• _INFORMATION GIVEN_:
+---+
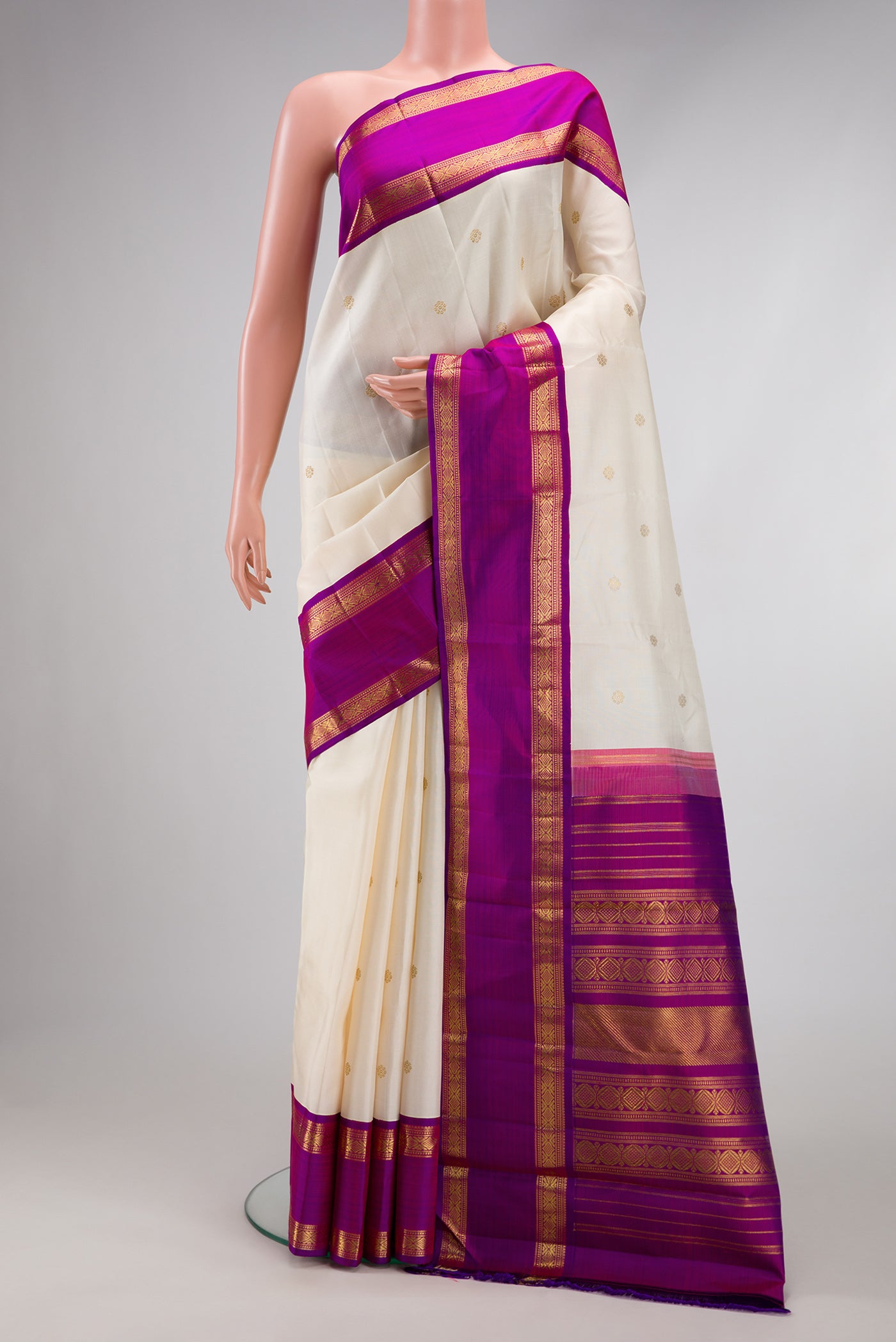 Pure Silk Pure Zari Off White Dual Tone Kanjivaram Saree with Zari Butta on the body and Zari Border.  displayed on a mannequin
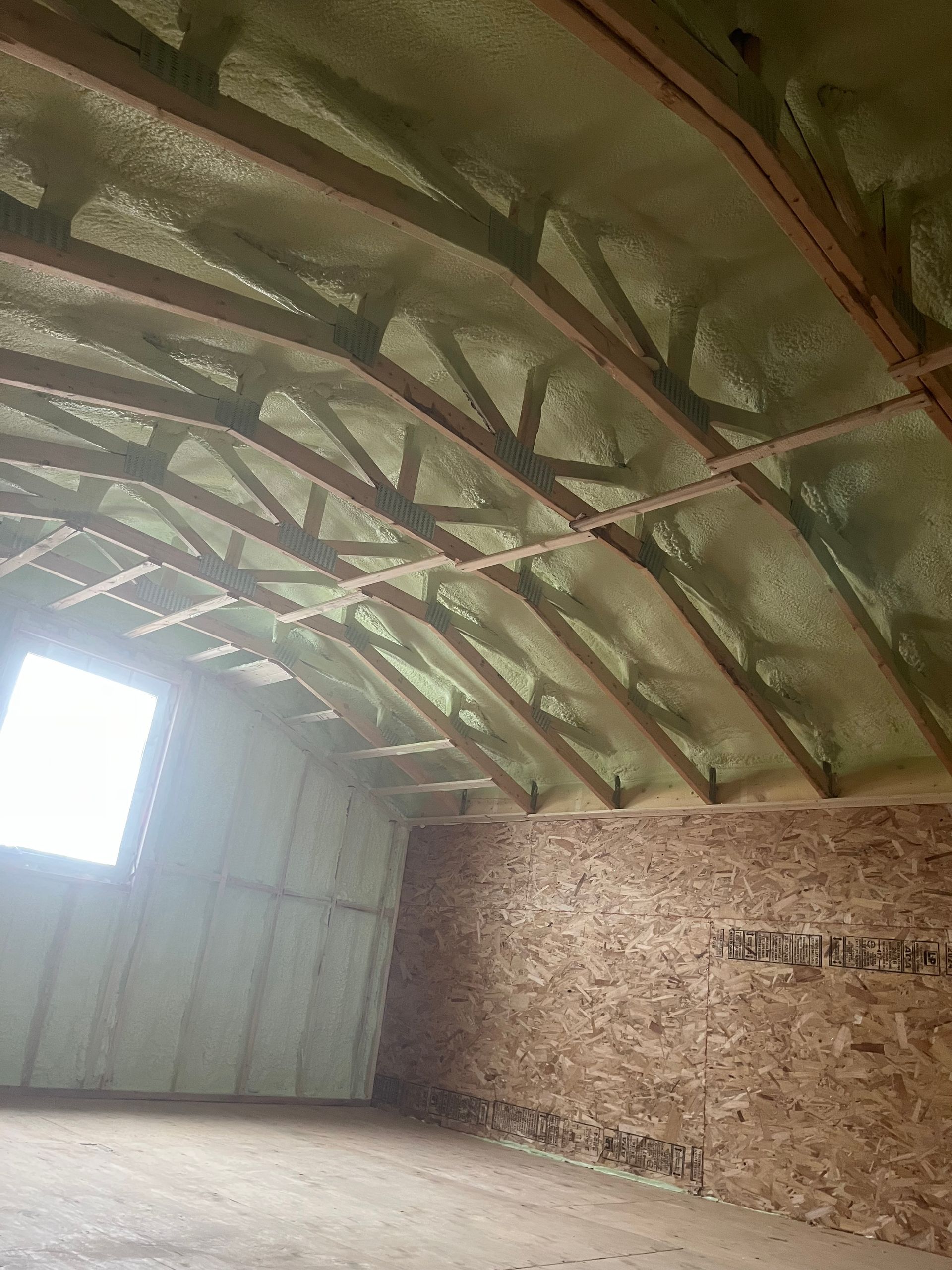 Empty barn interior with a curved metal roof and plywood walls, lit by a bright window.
+---+
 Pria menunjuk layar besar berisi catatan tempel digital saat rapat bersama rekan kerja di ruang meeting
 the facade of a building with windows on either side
+---+
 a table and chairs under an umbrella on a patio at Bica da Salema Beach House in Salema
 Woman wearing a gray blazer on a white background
+---+
• _WHAT IS NEEDED_: In the entries above, find the line with "Pria menunjuk layar" and the line with "the facade of", then set down exactly those two and every line between them, nothing else.

• _OUTPUT OF THE EXERCISE_:
 Pria menunjuk layar besar berisi catatan tempel digital saat rapat bersama rekan kerja di ruang meeting
 the facade of a building with windows on either side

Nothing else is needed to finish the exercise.